# DATASET CONTENT
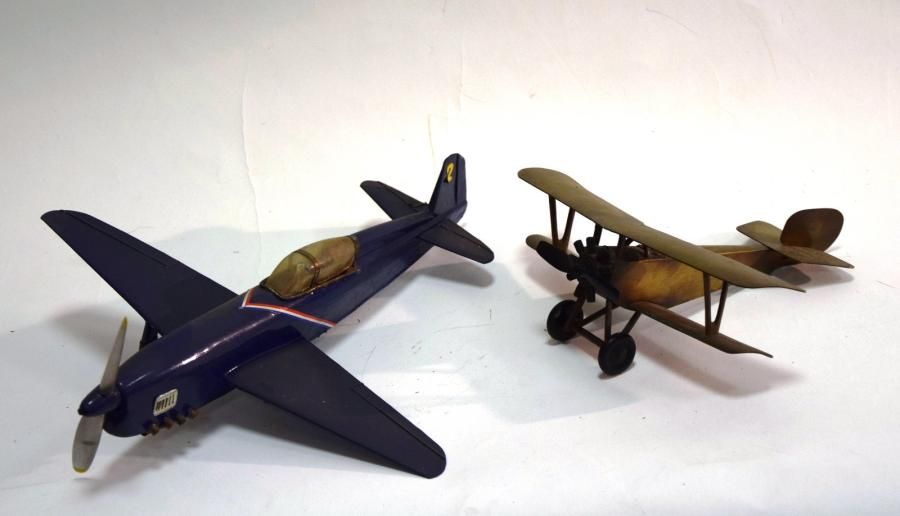 Null Deux Maquettes d’avion dont avion de chasse et biplan en laiton. 34 x 34 – &hellip;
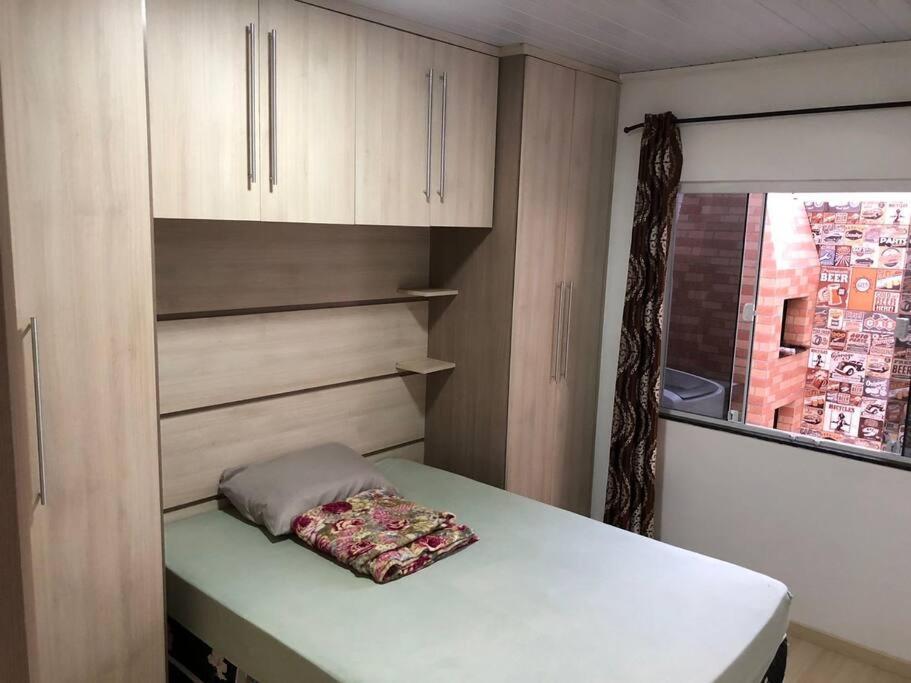 Casa Com Ar Cond. Em Todos Os Comodos Mobiliada * Cascavel (Parana)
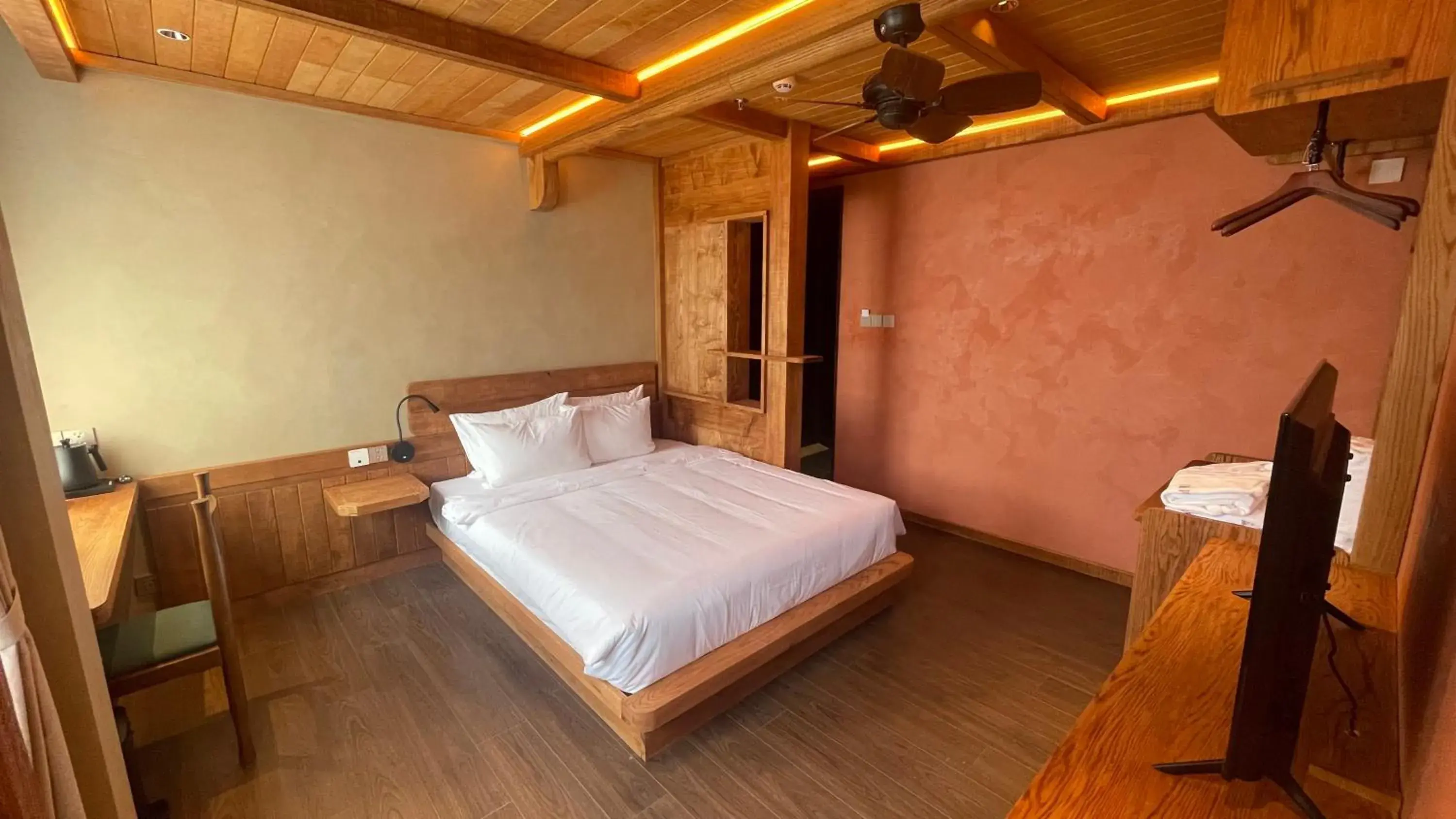 Deluxe Double Room with Sauna in The Pink Boutique Hotel Deluxe Double Room with Sauna in The Pink Boutique Hotel
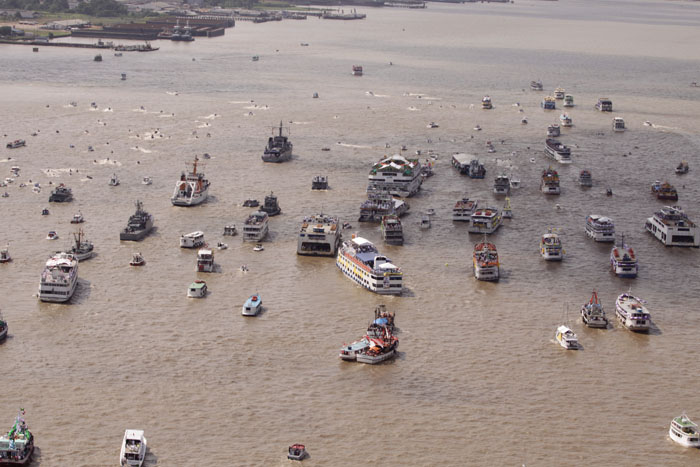 
        
            Romaria Fluvial
        
    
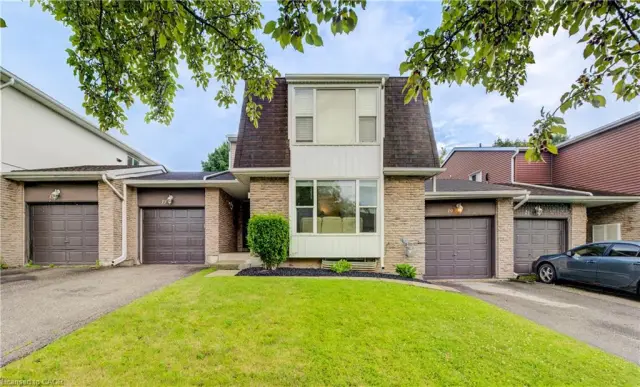 19 Hillbrook Crescent, Kitchener ON N2N 1J4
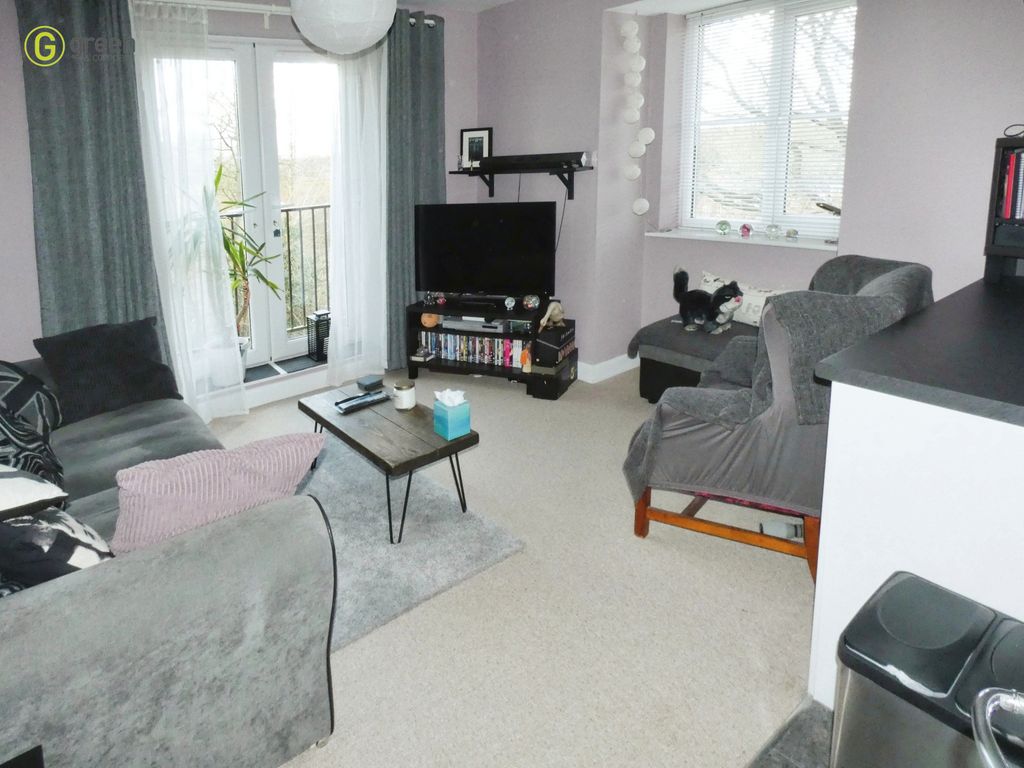 2 bed flat for sale in The Laurels, Fazeley, Tamworth B78, £170,000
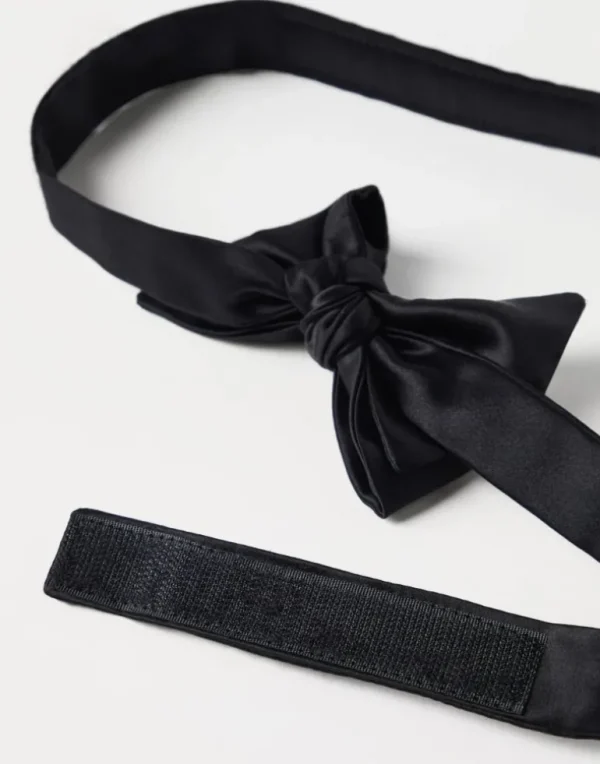 Cotton and silk satin bow tie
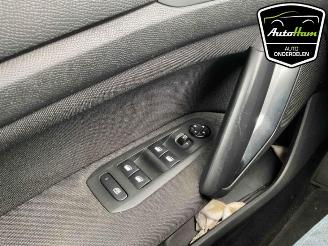 Peugeot 308 308 SW (L4/L9/LC/LJ/LR), Combi 5-drs, 2014 / 2021 1.2 12V e-THP PureTech 130 picture 21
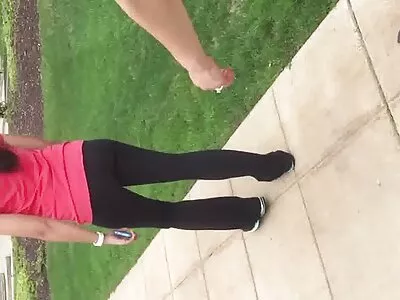 ٹینڈر بلی کے ساتھ گرل فرینڈ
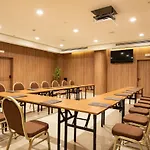 Gold Tower Lifestyle Отель 4*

# WHAT YOU HAVE TO DO
The answer must be the lines of the entries above, written out exactly from the first through the one with "2 bed flat for", and no pictures.

# TASK RESULT
 Null Deux Maquettes d’avion dont avion de chasse et biplan en laiton. 34 x 34 – &hellip;
 Casa Com Ar Cond. Em Todos Os Comodos Mobiliada * Cascavel (Parana)
 Deluxe Double Room with Sauna in The Pink Boutique Hotel Deluxe Double Room with Sauna in The Pink Boutique Hotel
        
            Romaria Fluvial
        
    
 19 Hillbrook Crescent, Kitchener ON N2N 1J4
 2 bed flat for sale in The Laurels, Fazeley, Tamworth B78, £170,000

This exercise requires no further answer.